Pros
- amazing healthcare benefits (NO insurance premiums, also extremely low copays, unlimited sick days). - you can bill a lot of OT, and managers haven't been pushing back on hours of OT billed since covid. - extreme feedback environment. You will learn a lot but you need to have a thick skin and a flexible ego. - admin team recently introduced a year-end process where managers collect downward feedback from their reports. - overall positive culture. - BCG does fascinating work for its clients (although as an assistant it can be hard to "dive into" the work and understand content, take on "stretch opportunities" and such due to their own lack of capacity plus lack of trust from executives). - current remote model means assistants can join more case team events (previously held for consultants only at offsites). - good name/experience to have on your resume.
Cons
- Boston office specifically uses a "new" (past several years) evaluation model for assistants, that is separate from how other business support teams are eval'ed.
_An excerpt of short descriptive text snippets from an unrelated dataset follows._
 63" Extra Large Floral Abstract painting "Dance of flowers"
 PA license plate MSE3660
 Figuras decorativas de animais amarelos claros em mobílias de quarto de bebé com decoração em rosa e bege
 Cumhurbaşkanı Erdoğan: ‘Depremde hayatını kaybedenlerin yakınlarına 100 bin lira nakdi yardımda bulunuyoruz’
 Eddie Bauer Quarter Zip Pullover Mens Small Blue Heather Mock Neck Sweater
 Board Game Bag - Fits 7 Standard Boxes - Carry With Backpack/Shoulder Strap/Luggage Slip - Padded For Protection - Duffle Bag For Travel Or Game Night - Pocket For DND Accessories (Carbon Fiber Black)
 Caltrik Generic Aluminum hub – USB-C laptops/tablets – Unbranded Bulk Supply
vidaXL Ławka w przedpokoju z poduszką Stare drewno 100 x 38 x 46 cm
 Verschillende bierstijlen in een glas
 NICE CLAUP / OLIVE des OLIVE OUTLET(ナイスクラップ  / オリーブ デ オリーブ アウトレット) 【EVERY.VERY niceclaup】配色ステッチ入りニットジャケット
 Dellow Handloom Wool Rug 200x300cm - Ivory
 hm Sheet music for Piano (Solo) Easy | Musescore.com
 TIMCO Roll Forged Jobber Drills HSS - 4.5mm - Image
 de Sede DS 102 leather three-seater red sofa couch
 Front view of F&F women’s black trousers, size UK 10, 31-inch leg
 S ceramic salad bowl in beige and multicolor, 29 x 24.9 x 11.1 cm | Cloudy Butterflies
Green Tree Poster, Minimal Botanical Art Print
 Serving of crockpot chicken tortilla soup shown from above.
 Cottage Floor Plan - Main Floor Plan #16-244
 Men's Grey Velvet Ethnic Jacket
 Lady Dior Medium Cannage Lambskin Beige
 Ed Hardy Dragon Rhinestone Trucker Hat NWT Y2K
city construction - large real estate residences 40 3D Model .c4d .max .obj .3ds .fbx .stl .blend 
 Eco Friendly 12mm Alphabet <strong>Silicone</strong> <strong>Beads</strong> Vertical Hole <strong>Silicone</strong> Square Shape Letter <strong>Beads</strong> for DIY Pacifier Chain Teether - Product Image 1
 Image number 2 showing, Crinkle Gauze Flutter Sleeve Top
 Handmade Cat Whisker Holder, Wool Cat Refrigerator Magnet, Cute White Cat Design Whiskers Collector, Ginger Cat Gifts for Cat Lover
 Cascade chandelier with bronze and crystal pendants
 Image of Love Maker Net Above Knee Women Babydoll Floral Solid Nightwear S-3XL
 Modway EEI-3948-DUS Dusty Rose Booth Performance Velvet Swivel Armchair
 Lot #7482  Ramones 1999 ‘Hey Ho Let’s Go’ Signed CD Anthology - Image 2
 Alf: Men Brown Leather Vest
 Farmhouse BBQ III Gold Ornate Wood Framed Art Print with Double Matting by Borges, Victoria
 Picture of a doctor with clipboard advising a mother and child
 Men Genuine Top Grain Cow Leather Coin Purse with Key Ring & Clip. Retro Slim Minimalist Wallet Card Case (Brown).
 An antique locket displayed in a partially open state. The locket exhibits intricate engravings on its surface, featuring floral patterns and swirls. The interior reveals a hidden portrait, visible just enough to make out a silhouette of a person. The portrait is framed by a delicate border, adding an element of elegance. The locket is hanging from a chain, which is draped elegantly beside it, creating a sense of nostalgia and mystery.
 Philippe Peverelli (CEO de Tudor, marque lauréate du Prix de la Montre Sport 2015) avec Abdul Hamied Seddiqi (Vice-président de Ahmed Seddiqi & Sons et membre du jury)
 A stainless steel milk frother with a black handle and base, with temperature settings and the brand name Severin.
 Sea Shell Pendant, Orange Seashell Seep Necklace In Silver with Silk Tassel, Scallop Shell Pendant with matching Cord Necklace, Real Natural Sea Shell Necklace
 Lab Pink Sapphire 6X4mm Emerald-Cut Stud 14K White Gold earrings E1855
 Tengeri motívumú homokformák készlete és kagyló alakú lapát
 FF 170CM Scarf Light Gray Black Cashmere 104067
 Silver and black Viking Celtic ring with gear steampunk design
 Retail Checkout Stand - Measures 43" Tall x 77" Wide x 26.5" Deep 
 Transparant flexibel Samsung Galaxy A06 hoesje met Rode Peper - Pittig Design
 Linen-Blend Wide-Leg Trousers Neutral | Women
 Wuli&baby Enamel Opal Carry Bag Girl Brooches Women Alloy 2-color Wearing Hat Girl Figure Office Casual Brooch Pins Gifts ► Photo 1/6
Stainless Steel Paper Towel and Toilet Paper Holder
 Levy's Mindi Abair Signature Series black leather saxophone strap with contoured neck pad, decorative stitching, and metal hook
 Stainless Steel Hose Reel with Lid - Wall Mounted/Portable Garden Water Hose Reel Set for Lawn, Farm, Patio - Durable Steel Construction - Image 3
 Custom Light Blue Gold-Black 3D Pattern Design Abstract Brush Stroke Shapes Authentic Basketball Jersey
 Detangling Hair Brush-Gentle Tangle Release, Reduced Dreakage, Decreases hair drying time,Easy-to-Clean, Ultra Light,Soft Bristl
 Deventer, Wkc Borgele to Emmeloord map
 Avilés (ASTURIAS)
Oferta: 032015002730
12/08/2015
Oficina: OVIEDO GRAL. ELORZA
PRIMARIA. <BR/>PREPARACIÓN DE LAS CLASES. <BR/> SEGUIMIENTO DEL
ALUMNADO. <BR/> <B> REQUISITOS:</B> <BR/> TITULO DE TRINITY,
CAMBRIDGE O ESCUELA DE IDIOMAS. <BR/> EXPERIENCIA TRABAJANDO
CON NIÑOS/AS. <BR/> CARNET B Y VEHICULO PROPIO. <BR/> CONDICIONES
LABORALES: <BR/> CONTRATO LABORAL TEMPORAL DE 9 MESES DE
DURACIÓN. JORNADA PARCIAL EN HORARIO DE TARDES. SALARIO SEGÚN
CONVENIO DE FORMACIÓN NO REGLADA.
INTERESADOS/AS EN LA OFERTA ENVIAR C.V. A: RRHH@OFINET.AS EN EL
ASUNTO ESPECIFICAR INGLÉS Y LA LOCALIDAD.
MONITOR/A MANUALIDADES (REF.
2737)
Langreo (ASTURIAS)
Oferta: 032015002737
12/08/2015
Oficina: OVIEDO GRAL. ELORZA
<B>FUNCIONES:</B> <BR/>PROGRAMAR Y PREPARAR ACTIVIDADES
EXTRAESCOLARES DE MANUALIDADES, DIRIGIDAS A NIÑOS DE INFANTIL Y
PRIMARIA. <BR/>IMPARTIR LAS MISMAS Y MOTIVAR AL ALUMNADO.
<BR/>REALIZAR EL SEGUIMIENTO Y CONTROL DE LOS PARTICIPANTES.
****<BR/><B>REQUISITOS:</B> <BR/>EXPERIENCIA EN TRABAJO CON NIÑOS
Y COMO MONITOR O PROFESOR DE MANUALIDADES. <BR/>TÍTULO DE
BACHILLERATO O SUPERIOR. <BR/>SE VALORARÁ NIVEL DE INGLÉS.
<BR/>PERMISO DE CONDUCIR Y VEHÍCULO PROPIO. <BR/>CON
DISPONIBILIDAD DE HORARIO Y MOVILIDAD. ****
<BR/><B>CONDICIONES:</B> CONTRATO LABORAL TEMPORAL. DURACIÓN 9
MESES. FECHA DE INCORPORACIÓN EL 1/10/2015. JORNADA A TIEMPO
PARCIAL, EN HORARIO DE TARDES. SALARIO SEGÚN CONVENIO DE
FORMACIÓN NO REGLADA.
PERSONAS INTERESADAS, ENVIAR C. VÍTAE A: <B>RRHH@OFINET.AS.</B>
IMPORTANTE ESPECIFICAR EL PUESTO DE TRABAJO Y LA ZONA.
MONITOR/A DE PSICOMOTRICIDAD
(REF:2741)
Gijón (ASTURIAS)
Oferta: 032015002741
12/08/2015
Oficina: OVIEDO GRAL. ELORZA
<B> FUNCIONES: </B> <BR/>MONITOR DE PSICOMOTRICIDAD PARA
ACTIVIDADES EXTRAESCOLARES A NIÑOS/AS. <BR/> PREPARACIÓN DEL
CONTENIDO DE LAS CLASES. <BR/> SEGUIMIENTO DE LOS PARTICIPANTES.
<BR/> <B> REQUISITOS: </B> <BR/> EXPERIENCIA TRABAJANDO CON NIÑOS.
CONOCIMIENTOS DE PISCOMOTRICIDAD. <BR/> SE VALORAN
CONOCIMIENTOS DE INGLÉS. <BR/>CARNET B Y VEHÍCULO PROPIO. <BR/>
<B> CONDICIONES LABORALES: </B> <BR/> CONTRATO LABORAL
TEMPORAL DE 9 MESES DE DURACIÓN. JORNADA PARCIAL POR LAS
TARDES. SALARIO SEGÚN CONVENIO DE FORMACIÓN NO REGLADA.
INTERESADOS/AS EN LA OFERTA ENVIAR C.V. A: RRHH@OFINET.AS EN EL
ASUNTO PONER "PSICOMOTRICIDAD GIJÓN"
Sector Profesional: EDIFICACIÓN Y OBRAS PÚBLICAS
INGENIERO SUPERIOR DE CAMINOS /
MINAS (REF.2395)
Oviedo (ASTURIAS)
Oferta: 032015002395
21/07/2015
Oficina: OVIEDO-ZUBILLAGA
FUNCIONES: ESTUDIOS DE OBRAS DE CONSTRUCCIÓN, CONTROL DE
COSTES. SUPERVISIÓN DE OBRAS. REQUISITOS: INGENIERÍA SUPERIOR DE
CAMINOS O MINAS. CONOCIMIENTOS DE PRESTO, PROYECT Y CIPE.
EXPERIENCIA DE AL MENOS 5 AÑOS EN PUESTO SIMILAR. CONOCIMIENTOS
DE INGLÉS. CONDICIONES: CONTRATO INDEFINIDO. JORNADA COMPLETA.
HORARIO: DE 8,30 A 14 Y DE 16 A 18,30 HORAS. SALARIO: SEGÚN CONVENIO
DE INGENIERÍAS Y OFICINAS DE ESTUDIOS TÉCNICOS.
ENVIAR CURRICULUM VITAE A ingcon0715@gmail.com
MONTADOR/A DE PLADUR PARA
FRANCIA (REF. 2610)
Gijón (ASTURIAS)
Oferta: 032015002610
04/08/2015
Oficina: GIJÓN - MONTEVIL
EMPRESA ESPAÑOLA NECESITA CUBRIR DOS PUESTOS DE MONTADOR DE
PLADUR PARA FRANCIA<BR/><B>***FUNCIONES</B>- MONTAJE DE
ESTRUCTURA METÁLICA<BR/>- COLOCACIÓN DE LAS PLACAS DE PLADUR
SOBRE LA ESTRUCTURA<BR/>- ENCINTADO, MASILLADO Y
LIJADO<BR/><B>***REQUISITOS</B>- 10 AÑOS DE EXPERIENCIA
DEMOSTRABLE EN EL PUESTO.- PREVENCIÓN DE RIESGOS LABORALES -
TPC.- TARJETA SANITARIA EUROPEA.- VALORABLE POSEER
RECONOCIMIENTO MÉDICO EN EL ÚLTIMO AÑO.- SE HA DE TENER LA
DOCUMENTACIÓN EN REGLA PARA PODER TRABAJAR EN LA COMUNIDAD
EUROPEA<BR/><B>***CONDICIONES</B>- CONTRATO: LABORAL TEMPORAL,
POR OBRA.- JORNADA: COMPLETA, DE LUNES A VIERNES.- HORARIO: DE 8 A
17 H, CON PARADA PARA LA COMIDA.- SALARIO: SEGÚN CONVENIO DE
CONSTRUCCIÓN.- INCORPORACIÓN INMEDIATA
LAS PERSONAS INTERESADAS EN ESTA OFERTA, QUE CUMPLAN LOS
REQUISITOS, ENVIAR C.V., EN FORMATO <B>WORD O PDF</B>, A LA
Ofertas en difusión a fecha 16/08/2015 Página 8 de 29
Most assistants in this office dislike the model due to extreme ambiguity and lack of transparency around pay/promotion structure and feedback-collection burden, but admin management seems either ignorant (very unlikely), uninterested, or vehemently opposed to this. This model is also spreading to other offices... - despite great benefits and OT, assistant comp isn't competitive with other industries and firms due to base salary. You can make way more money (think +$30K) being an assistant at a biotech or finance/VC firm in the Boston area. - very high volume of work for assistants, before and especially since covid. Managers encourage assistants to "push back" on unnecessary requests, set boundaries with the people they support, and step away after normal business hours, but fundamental problem of assistants being overloaded with scheduling persists with no solution in sight. Stemming from this, assistants may experience high levels of stress and long working hours. - less senior assistants tend to be "team players" more than senior assistants, being more willing to cover other assistants and contribute to team events and culture. - assistants are responsible for alerting their coverage when they're sick (vs. managers coordinating), and for securing their coverage for vacations. - very limited internal mobility for business support staff (ex. admins, finance, HR) partly due to perpetual competition with internal consulting-track staff. - sharp cultural divide between business support and consulting staff. Consultant evals are much more meritocratic and they get more clarity around progress tracking and promotions, consultants are paid way more money, they have dramatically higher budgets for team events, are the unsaid focus when BCG talks about retention and improving D&I, etc. Won't lie, after a while this really stings.